Work task: The entries below hold a line with "Black and white" and a line with "living area with". Return those lines and all that lie between them, exactly and only.

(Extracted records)
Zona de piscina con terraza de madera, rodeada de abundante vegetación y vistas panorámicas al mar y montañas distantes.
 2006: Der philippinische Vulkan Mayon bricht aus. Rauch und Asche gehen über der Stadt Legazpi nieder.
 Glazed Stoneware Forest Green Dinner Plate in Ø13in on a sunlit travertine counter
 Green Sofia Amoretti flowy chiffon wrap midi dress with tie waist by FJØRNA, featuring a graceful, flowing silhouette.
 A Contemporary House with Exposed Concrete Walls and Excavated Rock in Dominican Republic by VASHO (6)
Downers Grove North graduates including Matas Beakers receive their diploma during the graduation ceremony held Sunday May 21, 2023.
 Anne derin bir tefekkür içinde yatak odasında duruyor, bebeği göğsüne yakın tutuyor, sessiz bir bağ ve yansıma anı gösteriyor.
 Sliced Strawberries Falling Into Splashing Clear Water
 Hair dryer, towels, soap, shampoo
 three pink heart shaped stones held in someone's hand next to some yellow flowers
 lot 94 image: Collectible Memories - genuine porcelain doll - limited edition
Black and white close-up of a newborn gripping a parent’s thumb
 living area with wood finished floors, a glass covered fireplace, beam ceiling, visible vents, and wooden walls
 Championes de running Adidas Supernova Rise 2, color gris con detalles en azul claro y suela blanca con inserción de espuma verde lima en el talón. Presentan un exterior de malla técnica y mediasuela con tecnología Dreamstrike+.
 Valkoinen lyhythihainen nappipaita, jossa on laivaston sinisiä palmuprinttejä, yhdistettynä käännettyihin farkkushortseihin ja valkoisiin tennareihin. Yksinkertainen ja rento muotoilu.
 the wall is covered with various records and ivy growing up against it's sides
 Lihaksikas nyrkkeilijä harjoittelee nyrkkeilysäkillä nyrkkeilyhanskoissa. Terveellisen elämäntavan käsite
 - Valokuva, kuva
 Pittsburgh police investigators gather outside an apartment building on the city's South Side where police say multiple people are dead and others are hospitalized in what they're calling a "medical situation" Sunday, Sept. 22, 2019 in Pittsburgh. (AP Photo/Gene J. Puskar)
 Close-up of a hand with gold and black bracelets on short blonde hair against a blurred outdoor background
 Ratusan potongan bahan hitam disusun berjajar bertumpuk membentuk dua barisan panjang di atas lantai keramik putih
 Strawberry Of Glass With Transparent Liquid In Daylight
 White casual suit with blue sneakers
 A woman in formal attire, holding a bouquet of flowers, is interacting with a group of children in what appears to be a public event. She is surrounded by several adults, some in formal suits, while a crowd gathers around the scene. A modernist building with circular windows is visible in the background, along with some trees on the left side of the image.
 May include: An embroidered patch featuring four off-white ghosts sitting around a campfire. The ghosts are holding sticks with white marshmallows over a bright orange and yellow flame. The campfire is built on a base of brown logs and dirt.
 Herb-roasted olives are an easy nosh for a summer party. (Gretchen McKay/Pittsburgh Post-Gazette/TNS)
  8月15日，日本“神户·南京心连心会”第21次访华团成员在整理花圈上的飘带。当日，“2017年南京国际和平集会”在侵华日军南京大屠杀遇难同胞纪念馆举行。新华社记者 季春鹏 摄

Reply:
Black and white close-up of a newborn gripping a parent’s thumb
 living area with wood finished floors, a glass covered fireplace, beam ceiling, visible vents, and wooden walls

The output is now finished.